Hari Otsus Papua diperingati berdasarkan Keputusan Gubernur Papua Nomor 188.4/385/2016. Penetapan 21 November sebagai hari refleksi ini dimaksudkan untuk mengingatkan publik bahwa Otsus merupakan pengakuan negara terhadap kekhususan Papua serta kebutuhan perlindungan atas hak-hak adat dan identitas masyarakatnya. Peringatan tersebut sekaligus menjadi momentum untuk mengevaluasi kekurangan pelaksanaan Otsus selama ini.

Menurut Yohanes Akwan, berbagai program memang telah dijalankan pemerintah pusat maupun pemerintah daerah. Namun, kenyataannya Otsus masih dianggap gagal menjawab kebutuhan dasar masyarakat Papua. Ia menyebut bahwa Otsus yang semestinya menghadirkan solusi politik dan pembangunan justru berjalan jauh dari harapan.
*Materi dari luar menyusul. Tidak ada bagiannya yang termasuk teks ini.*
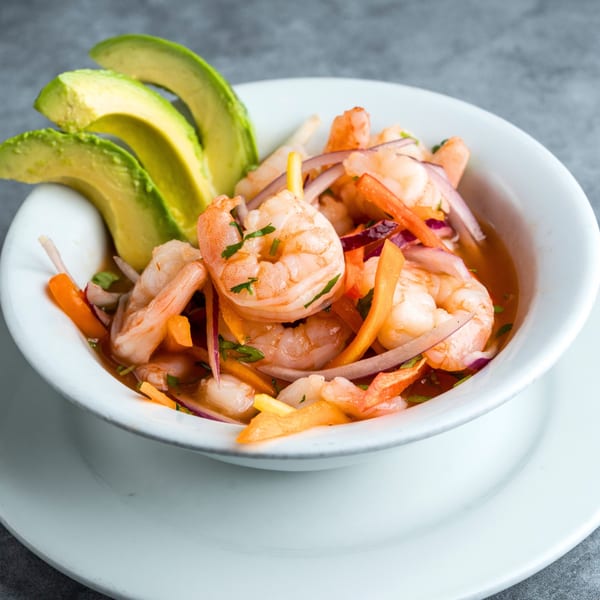 Shrimp ceviche with avocado slices, red onion, and bell peppers in a white bowl.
Akwan menegaskan bahwa penegakan hukum harus menjadi prioritas utama dalam pelaksanaan Otsus ke depan. Ia melihat bahwa lemahnya pengawasan terhadap dana dan kebijakan Otsus membuka ruang bagi penyimpangan, sehingga manfaatnya tidak sepenuhnya dirasakan oleh rakyat.

“Penting bicara penegakan hukum agar kita tahu siapa yang sebenarnya menikmati Otsus: rakyat atau elit politik,” ujarnya.

Selain aspek hukum, Akwan menyoroti sejumlah persoalan mendasar yang menurutnya belum dijawab pemerintah. Ia menjelaskan bahwa tidak adanya regulasi yang kuat untuk melindungi masyarakat adat, termasuk hak ulayat, serta masih digunakannya pendekatan keamanan yang berlebihan dalam proses pembangunan, menjadi salah satu penyebab kerentanan sosial di Papua.

Ia juga menilai belum ada identifikasi menyeluruh terhadap regulasi perlindungan hak dasar Orang Asli Papua (OAP), sementara komunikasi politik antara pemerintah dan masyarakat Papua masih lemah. Terbatasnya kebebasan sipil dalam membentuk narasi publik tentang situasi Papua, minimnya penguatan media baru dan advokasi terhadap isu-isu strategis, serta kurangnya pertanggungjawaban hukum pemimpin politik daerah atas situasi kemanusiaan yang terjadi, turut memperburuk kondisi tersebut.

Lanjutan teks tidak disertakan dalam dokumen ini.